Vision: An articulation of the ultimate goal you want to achieve. This is your north star that guides everything your business does.
Mission: A statement that captures your purpose, what you do for your audience, and how you plan on reaching the goals of your vision.
The two work in combination with each other as tools to give your business and team long-term direction and clarity on the actions you take right now.
Effective vision and mission statements should define the focus of the business, helping you prioritize and maximize impact on your target audience and enable clear decision-making and goal setting between where you are today and where you want to get to.
A few questions to help you think about your own vision and mission:
Explore some examples of vision and mission statements from leading companies and Wunderdogs clients.
Vision Statement Examples
Mission Statement Examples
What is Brand Positioning?
Your brand pillars capture your ambition, your overall goals, and how you reach them. They are broad, aspirational, and inspiring. Brand positioning starts to turn those goals into action.
Through the creation of value propositions and a positioning statement, you define the unique aspects of your brand, your product, your company culture, or values that are relevant to your audience and unique to the market.
Value propositions: Statements and supporting proof points that capture the benefits of your product that bring value to the audience, aligned to their needs.
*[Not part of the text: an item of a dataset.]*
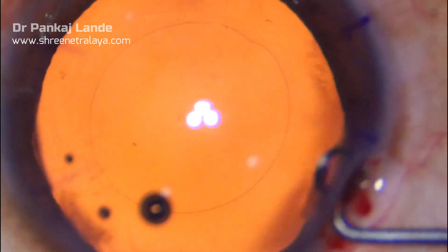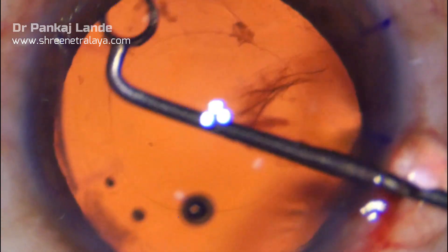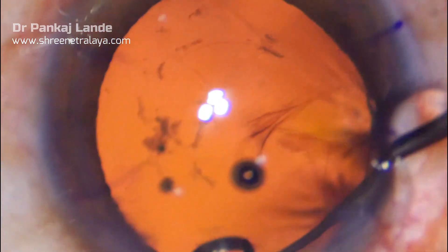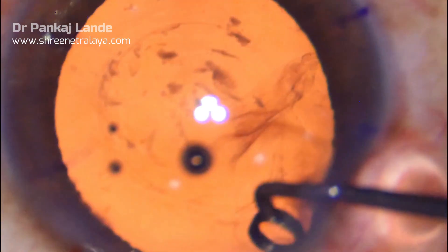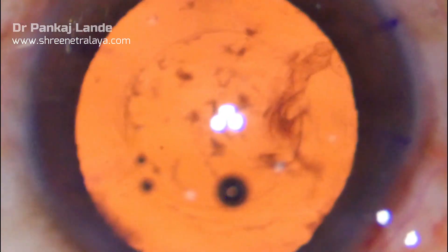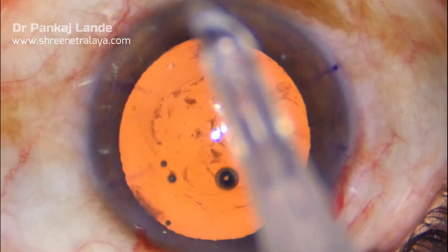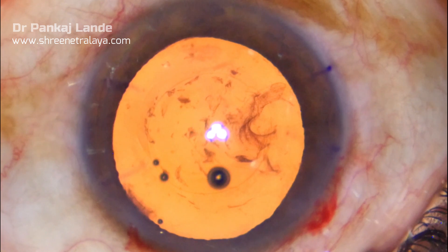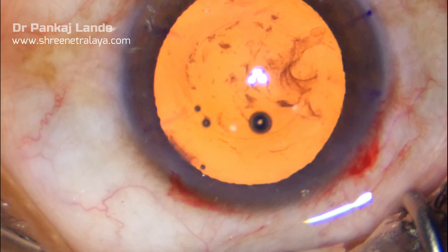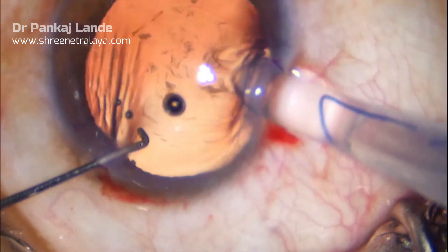Once the IA is complete, the anterior epithelial cells can be removed with a special instrument called a PC polisher. As this is a high myope patient, I am using a 3-piece foldable IOL, which in my opinion gives slightly more stability.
Positioning statement: Your positioning statement translates your value to your audience into a description of your product and target audience and explains how you fill a market need.
A few questions to help you think about value propositions and positioning statement:
What is a Brand Persona?
Brand Persona is the lens through which positioning is communicated. It is a tool that helps define tone of voice principles which in turn guide your messaging and communications. The personality of your brand should be derived from everything you’ve learned and the company culture you have built.
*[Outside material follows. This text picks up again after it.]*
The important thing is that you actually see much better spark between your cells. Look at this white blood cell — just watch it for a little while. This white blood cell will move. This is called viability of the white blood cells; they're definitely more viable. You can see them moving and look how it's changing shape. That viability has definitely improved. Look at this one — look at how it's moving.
Usually, a brand persona includes a set of personality traits and tone of voice characteristics that are linked to define your brand perception in the minds of your target audience and team. A brand persona is used as the filter through which you translate your positioning into external communication and key messages.
What is Tone of Voice?
This is the distinct personality a business curates to communicate with its target audience across mediums. It includes a unified approach to tone, style and messaging to build brand recognition and nurture connection with the audience. It is the personality your brand takes on in all of its marketing communications. Your TOV voice serves as a guide of what to say and how to say it. Your voice should be unique to your company and reflect company values.
Messaging Frameworks
With your positioning and persona in place, messaging can be developed to translate your value as a business into the things you want your audience to care about. Messaging frameworks set the structure. They are your brand on a page, for a specific audience. Building on positioning means identifying key messaging pillars and the benefits you bring to the specific audience you’re talking to.
Built through an overarching message pillar, headline benefit, and proof points - the actions you take to make the benefit true, the message framework identifies what you are going to communicate.
Messaging takes those benefits and turns them into distinct key messages that connect with your audience's needs. As a structure to build out the most useful tool for your business, you can develop messaging in different formats. From headlines to short-form descriptions of services and tools to elevator pitches and manifestos, messaging can come together in a number of different ways. But always consider where the message appears, and what channel you’re using and adjust messaging that takes advantage of the channel to connect more deeply and deliver a stronger message.